Top of Record set

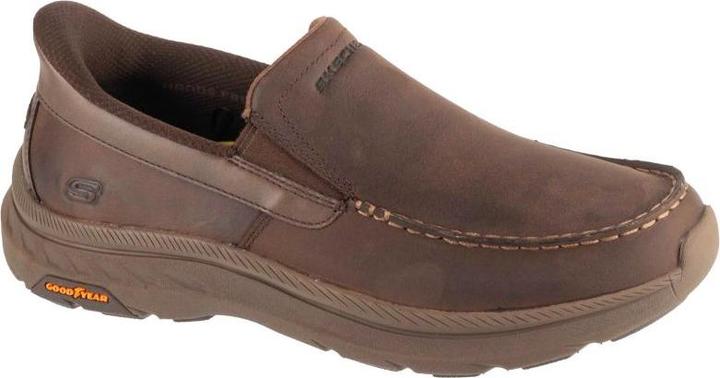 Image du produit Skechers Pollard-Osgood (41)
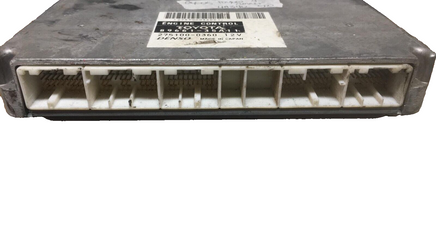 89661-35A11 Toyota 4-Runner 4Runner 2004-2005 ecu ecm computer
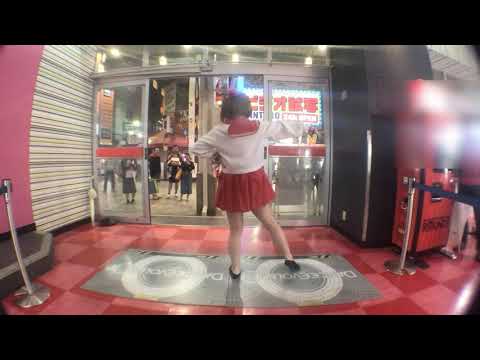 【ダンエボ 】今までで一番マシなDinDon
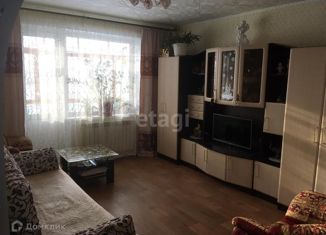 Продаю 3-ком. квартиру, 56.4 м2, село Беле-Кушальское, село Беле-Кушальское, 5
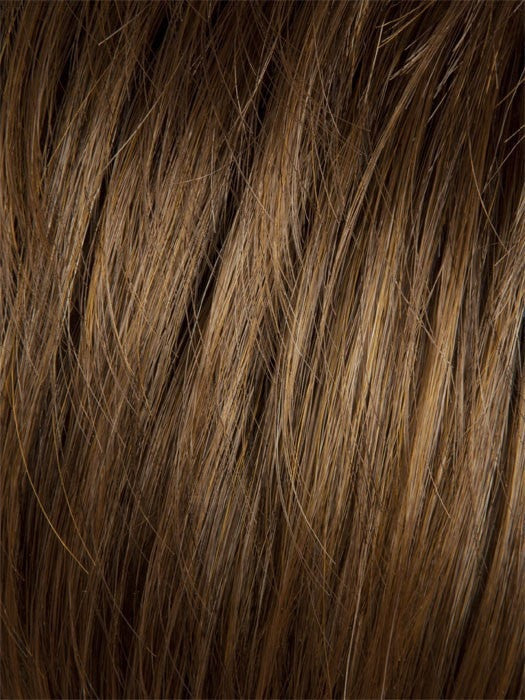 Bridgette | Synthetic Lace Front Wig (Basic Cap) | DISCONTINUED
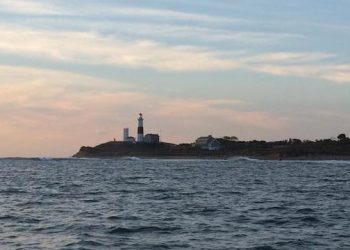 Montauk Chamber Shares 15 Family Friendly Favorites The Hamptons Hamlet Has To Offer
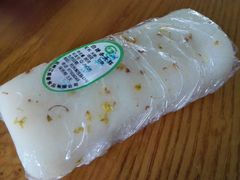 -江南春(中山中路店)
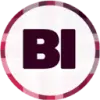 Be Inclusive favicon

Bottom of Record set

• **Task directions**:
Keep out the pictures, and copy exactly the lines from the one that contains "89661-35A11 Toyota 4-Runner" through the final line of the records above, both ends included.

• **Answer section**:
 89661-35A11 Toyota 4-Runner 4Runner 2004-2005 ecu ecm computer
 【ダンエボ 】今までで一番マシなDinDon
 Продаю 3-ком. квартиру, 56.4 м2, село Беле-Кушальское, село Беле-Кушальское, 5
 Bridgette | Synthetic Lace Front Wig (Basic Cap) | DISCONTINUED
 Montauk Chamber Shares 15 Family Friendly Favorites The Hamptons Hamlet Has To Offer
 -江南春(中山中路店)
 Be Inclusive favicon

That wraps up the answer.